> _Activity_: In the records below, find the line containing "Los asesinatos se" and print it and every line after it exactly, through the end. Skip pictures.

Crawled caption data
#####

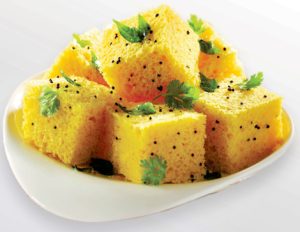 Khaman Dhokla, Indian Appetizer Recipes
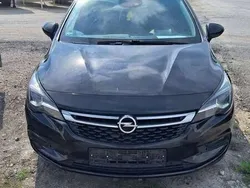 Gebraucht 2011 Opel Astra Sport Kombi | 7.500 €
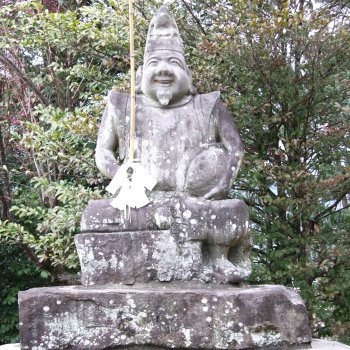 大洲神社2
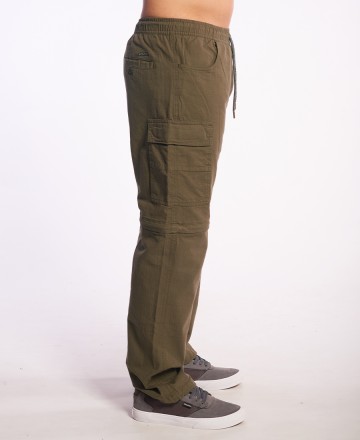 Pantaln
Volcom Relax Ripstop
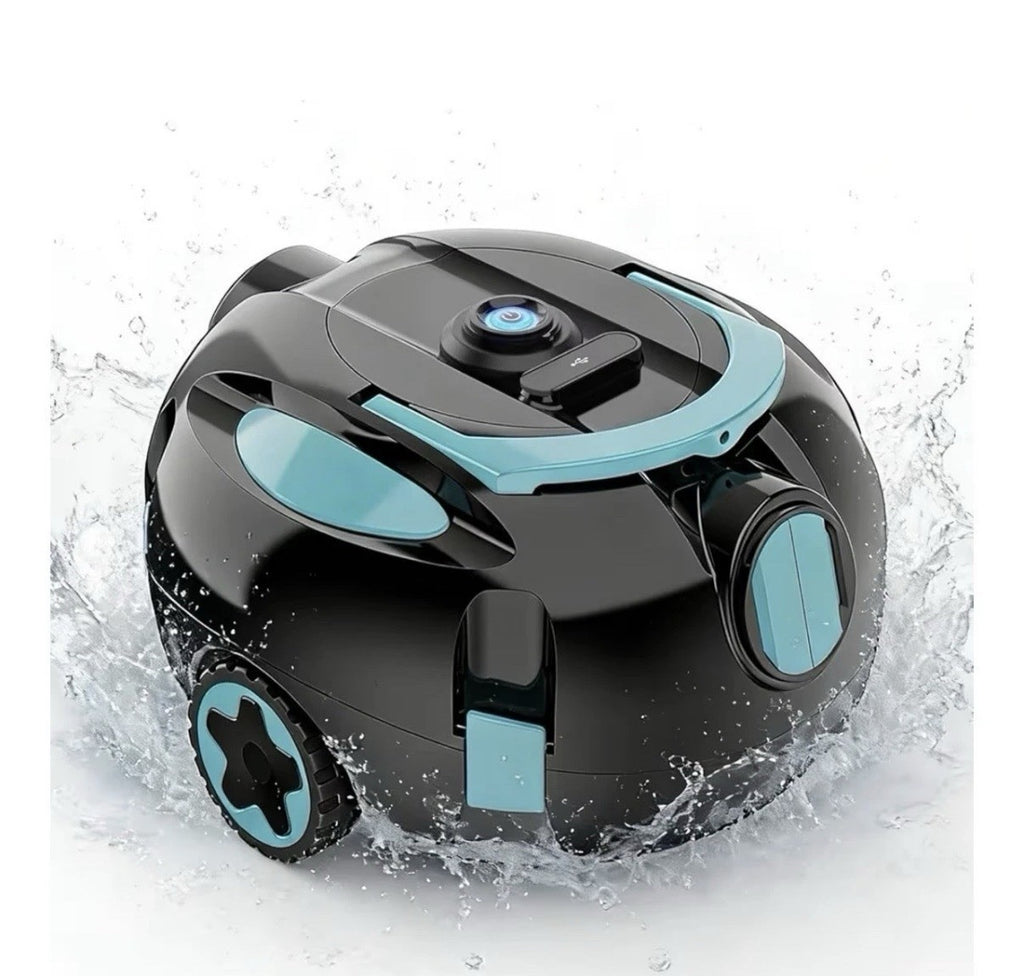 orbito H1 Robotic Pool Cleaner Cordless Efficient Cleaning Large Capacity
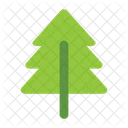 Tree Nature Environment Icon
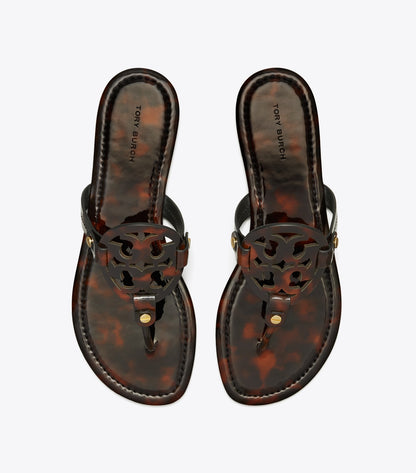 Miller Patent Sandal — Part 3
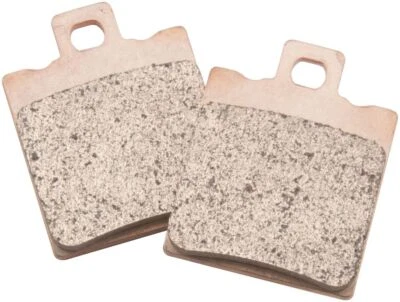 EBC Double-H Sintered Pad For Ducati 500 GTV Pantah 1977 Front/Rear FA47HH - Image 1 of 3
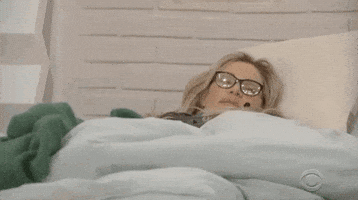 My Bed Friday GIF by Big Brother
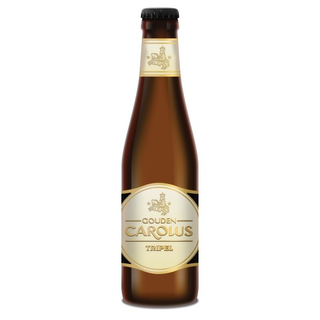 GOUDEN CAROLUS - TRIPLE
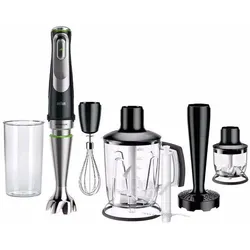 Braun MQ 9147X MultiQuick 9 Stabmixer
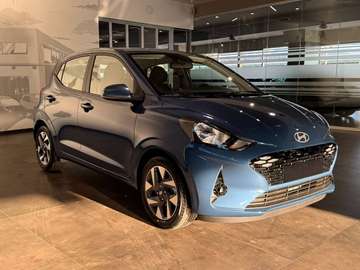 3ª serie 1.0 MPI AT Connectline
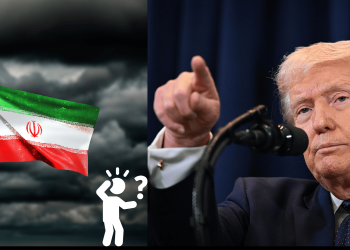 Trump endurece su postura contra Irán: exige un nuevo acuerdo nuclear bajo «presión máxima»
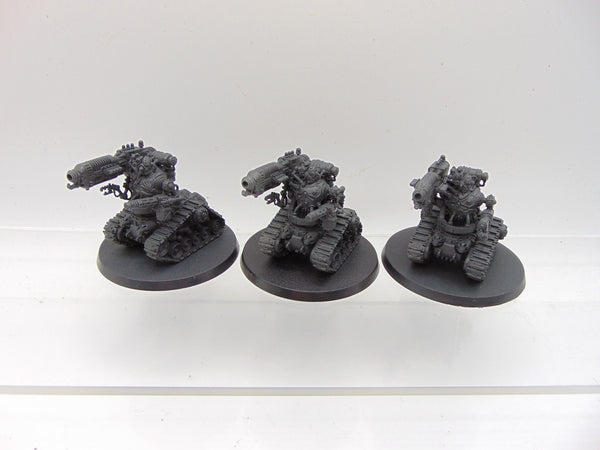 Kataphron Destroyers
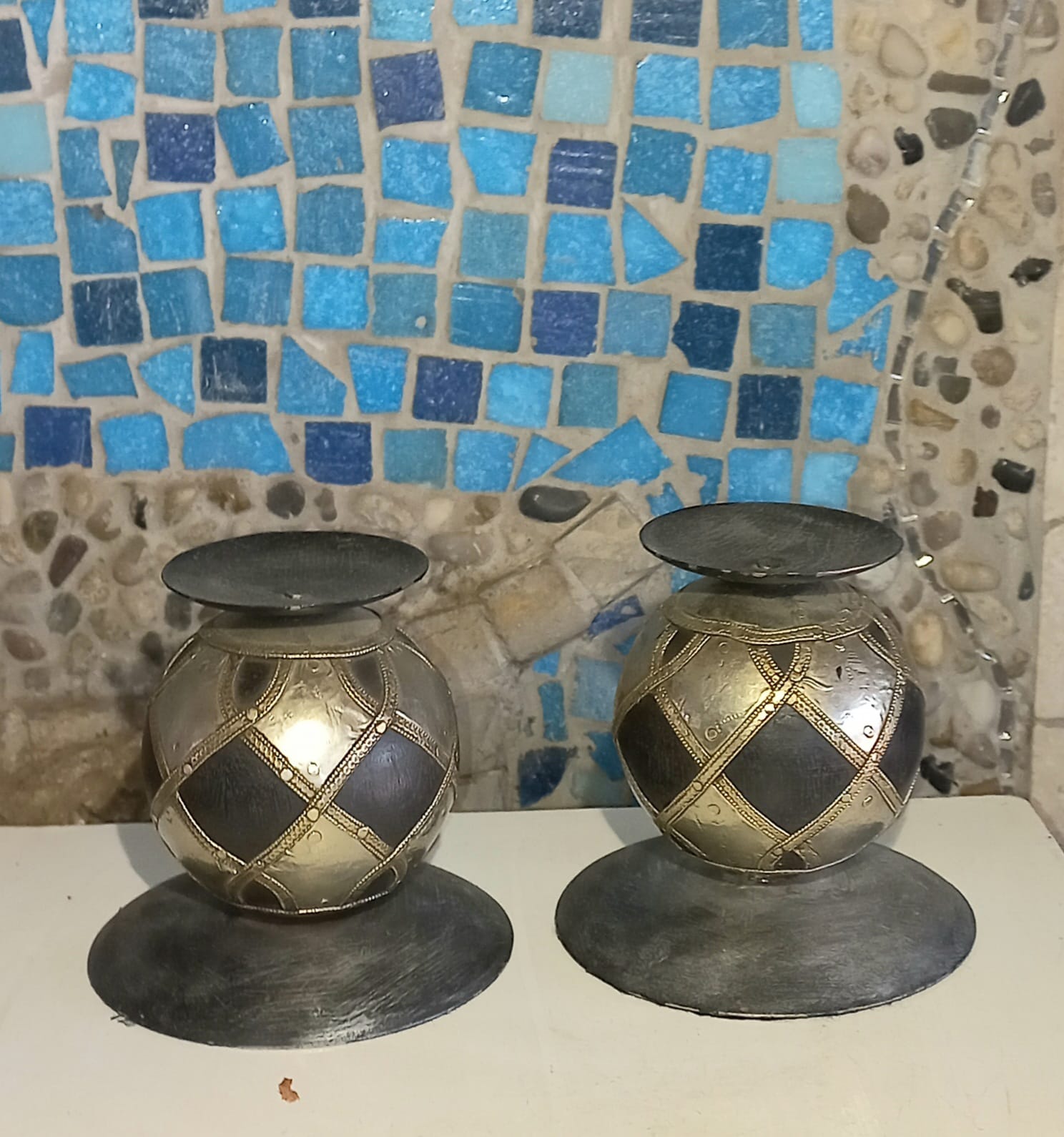 Candle Holder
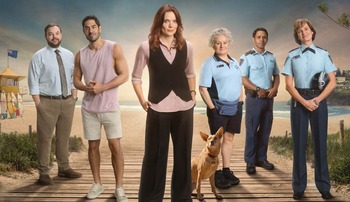 Los asesinatos se trasladan a Australia en ‘Regreso al paraíso'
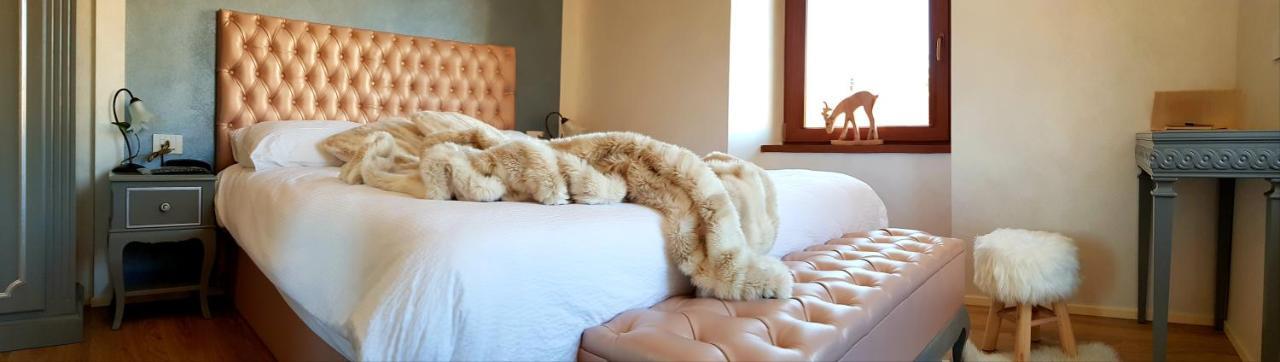 Villa Ciardi Wellness Hotel & Ristorante Asiago Dış mekan fotoğraf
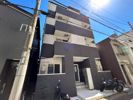 パイン神戸三宮の外観画像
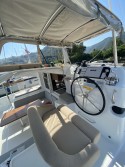 Lagoon-Bénéteau Lagoon 40 - 4 + 2 cab Falcon
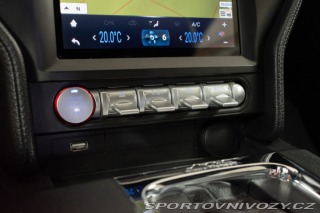 Ford Mustang RS 3.7 V6 227kW *ROUSH*KA 2015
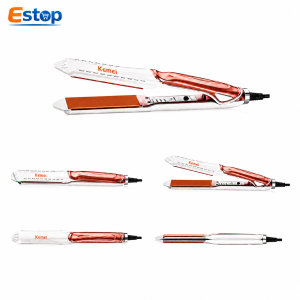 Alternative view of Kemei KM-471 Professional Hair Straightener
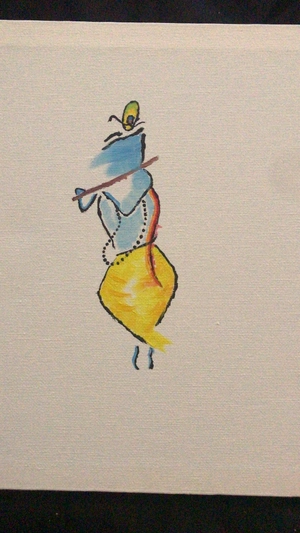Artwork image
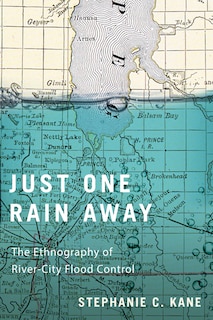 Front cover_Just One Rain Away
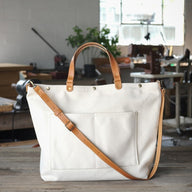 The Mariner Boat Tote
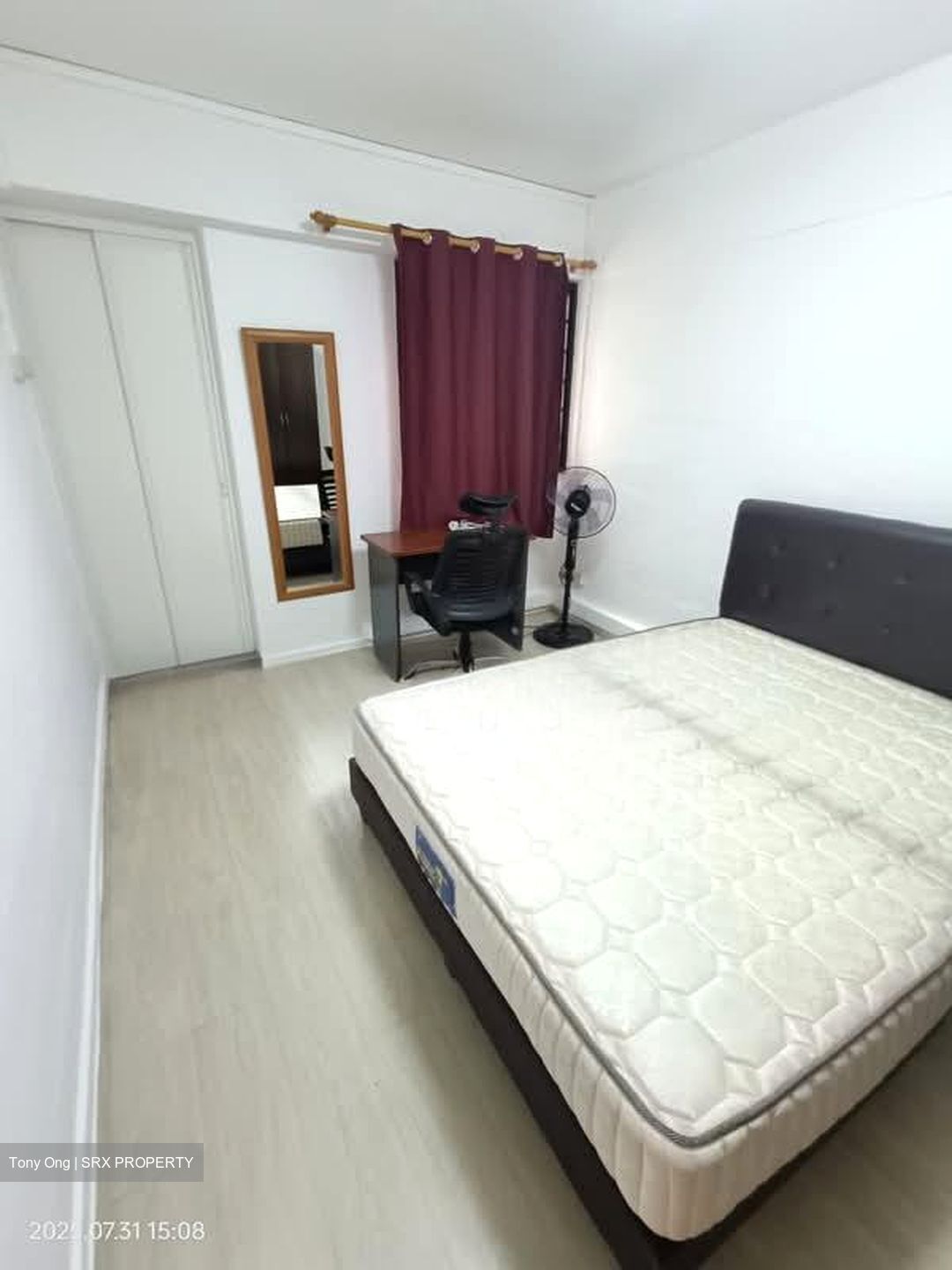 Blk 303 Hong Kah East Garden (Jurong East), HDB 3 Rooms #574646351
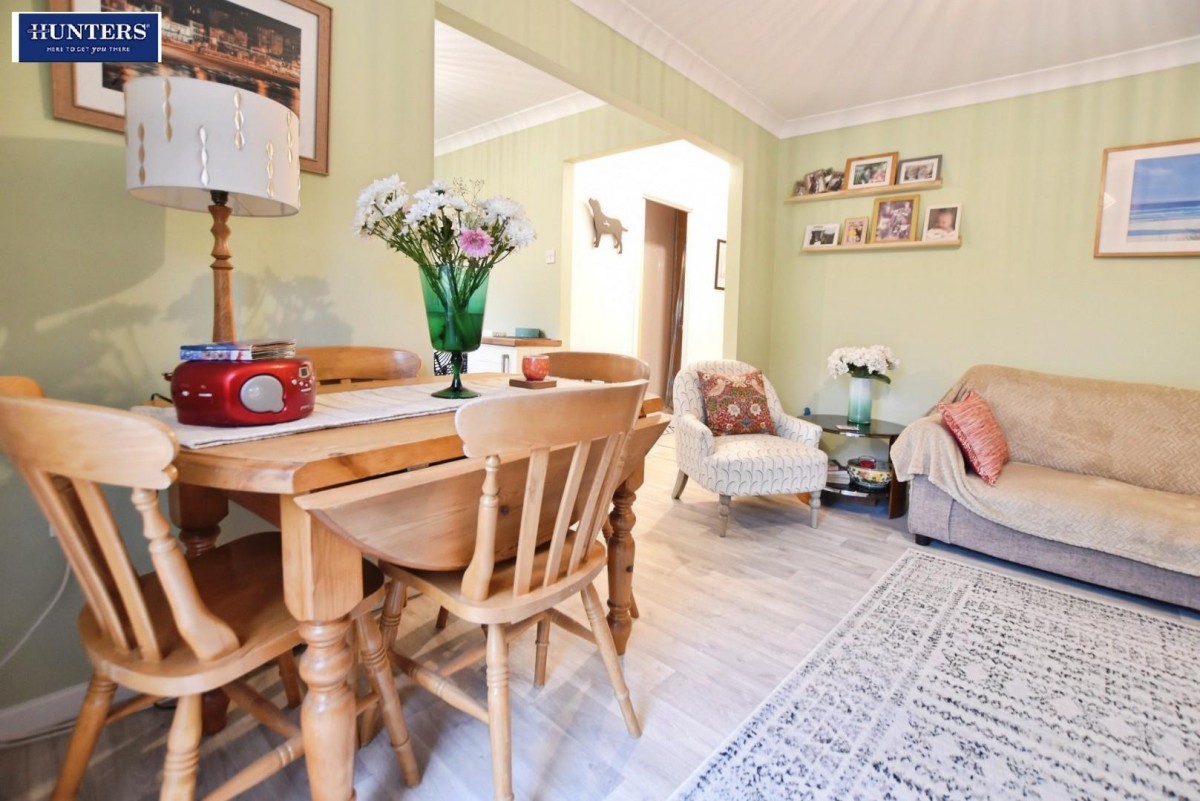 Rileston Place, Scunthorpe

#####

> _Completed exercise_:
 Los asesinatos se trasladan a Australia en ‘Regreso al paraíso'
 Villa Ciardi Wellness Hotel & Ristorante Asiago Dış mekan fotoğraf
 パイン神戸三宮の外観画像
 Lagoon-Bénéteau Lagoon 40 - 4 + 2 cab Falcon
 Ford Mustang RS 3.7 V6 227kW *ROUSH*KA 2015
 Alternative view of Kemei KM-471 Professional Hair Straightener
Artwork image
 Front cover_Just One Rain Away
 The Mariner Boat Tote
 Blk 303 Hong Kah East Garden (Jurong East), HDB 3 Rooms #574646351
 Rileston Place, Scunthorpe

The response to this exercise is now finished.